***** Material to process

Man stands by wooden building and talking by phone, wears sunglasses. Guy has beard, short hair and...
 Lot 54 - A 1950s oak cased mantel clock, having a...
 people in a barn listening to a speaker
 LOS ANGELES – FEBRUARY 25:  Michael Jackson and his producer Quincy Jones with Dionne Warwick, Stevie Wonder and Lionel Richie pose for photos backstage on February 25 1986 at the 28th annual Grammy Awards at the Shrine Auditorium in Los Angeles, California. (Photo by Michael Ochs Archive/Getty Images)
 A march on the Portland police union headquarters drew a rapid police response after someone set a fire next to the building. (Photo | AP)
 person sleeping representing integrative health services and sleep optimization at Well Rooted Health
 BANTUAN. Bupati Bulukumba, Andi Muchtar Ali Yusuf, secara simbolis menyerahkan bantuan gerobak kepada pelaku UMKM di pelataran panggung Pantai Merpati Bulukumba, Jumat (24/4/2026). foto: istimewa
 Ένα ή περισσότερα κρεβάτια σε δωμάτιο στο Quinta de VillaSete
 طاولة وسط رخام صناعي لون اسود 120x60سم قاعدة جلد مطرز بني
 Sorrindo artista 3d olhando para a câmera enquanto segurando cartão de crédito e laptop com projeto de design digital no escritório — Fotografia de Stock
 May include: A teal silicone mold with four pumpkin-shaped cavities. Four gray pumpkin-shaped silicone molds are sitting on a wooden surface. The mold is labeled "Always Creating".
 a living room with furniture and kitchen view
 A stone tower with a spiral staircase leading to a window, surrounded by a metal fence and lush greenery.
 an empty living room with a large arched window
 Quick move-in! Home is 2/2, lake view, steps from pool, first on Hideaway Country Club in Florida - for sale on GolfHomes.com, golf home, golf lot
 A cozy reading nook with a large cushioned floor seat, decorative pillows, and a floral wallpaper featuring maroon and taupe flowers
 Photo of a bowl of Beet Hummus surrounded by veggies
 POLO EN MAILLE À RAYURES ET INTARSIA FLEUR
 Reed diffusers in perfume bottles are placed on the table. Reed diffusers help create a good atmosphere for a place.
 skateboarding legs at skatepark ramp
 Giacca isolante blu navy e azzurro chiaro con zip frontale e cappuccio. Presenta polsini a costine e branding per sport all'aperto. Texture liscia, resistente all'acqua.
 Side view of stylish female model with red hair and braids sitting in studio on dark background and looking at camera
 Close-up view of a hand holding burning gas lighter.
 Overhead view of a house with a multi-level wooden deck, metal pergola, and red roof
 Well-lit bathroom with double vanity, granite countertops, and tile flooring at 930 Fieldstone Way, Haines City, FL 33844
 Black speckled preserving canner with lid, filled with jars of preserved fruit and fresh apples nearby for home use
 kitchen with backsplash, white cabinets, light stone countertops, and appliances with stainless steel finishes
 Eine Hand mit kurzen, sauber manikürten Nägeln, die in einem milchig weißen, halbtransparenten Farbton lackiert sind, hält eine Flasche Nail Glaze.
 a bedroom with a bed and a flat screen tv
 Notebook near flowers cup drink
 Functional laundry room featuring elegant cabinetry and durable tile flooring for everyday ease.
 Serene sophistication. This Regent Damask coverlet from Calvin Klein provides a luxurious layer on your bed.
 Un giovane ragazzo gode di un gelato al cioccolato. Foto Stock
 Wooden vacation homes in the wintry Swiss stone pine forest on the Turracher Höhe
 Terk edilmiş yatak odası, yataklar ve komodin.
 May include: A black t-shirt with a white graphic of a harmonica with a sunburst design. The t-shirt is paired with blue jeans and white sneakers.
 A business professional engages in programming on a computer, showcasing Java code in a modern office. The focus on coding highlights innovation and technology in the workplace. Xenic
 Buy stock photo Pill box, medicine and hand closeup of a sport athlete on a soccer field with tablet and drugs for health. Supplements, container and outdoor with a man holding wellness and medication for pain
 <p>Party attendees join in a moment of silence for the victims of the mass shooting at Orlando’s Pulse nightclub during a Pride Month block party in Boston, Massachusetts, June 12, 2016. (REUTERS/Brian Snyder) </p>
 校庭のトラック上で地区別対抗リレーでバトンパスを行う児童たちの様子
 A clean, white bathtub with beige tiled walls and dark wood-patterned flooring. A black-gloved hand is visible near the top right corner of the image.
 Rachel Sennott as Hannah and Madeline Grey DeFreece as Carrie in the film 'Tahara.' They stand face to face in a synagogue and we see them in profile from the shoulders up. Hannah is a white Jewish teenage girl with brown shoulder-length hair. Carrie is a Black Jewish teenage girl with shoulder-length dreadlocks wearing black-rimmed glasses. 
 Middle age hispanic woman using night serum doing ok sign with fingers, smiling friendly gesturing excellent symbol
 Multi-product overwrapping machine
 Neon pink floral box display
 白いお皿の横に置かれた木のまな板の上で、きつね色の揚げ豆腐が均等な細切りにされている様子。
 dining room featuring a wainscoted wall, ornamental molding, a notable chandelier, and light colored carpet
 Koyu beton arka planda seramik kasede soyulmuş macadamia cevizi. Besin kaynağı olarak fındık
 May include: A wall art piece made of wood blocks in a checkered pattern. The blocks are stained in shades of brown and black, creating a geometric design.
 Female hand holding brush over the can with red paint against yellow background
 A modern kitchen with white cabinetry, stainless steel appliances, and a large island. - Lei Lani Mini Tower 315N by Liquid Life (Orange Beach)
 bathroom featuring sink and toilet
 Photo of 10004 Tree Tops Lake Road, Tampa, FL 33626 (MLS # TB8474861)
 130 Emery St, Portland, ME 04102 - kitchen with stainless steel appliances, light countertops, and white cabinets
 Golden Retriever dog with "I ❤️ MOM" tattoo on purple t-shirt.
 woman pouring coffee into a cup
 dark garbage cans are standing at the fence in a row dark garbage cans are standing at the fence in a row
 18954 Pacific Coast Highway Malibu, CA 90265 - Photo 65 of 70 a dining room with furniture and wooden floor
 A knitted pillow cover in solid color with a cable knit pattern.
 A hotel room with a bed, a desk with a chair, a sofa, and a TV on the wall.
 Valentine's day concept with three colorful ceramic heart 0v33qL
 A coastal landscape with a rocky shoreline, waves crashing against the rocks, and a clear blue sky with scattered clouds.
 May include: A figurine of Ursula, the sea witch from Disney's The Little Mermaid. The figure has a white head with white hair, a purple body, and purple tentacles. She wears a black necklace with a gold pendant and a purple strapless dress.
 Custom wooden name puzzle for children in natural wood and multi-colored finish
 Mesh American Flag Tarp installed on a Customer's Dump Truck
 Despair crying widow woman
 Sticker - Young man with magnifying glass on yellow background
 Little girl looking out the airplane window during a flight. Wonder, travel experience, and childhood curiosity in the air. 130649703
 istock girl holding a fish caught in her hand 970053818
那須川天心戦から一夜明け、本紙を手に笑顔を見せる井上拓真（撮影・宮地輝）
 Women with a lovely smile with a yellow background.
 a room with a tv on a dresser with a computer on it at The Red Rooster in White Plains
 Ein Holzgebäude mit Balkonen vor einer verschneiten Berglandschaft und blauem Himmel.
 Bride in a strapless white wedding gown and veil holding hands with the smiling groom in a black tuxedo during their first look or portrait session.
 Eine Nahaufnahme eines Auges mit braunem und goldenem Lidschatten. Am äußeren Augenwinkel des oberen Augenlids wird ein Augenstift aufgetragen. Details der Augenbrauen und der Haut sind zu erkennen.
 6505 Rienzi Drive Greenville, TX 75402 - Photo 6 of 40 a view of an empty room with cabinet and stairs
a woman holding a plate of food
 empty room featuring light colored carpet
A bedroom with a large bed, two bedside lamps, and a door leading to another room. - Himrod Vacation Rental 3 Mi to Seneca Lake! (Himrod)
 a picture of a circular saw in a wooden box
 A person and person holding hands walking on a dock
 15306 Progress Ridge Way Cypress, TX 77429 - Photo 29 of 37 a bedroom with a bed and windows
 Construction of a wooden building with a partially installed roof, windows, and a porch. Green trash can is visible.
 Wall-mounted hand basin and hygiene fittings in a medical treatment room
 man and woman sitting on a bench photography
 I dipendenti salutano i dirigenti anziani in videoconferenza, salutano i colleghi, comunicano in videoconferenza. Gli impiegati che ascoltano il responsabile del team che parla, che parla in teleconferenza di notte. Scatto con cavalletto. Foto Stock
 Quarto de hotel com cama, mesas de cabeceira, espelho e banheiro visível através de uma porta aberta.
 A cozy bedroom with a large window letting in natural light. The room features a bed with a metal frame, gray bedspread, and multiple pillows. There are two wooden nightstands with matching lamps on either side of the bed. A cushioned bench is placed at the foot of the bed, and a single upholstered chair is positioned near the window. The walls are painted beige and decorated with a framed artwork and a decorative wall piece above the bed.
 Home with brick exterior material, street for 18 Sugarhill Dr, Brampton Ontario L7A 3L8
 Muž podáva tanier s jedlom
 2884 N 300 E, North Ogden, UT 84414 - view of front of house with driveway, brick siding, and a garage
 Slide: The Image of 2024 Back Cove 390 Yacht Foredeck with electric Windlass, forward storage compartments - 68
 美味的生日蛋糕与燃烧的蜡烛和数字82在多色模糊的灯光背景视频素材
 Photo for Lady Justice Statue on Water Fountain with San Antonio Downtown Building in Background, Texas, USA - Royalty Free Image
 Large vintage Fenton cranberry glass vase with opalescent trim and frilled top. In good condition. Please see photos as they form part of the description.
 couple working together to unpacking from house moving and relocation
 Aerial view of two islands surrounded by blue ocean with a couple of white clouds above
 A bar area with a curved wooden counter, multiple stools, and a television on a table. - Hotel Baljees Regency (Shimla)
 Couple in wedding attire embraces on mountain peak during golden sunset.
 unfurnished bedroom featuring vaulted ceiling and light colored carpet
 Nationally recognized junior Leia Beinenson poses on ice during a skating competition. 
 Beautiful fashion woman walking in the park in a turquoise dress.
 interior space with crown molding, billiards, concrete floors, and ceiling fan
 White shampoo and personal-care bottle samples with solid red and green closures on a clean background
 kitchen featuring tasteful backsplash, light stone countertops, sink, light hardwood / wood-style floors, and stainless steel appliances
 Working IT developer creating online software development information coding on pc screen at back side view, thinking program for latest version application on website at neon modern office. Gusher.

**********

- _The task_: Read the entries above, then pull out the lines that include "screen".

- _Result of this task_:
 a bedroom with a bed and a flat screen tv
 Working IT developer creating online software development information coding on pc screen at back side view, thinking program for latest version application on website at neon modern office. Gusher.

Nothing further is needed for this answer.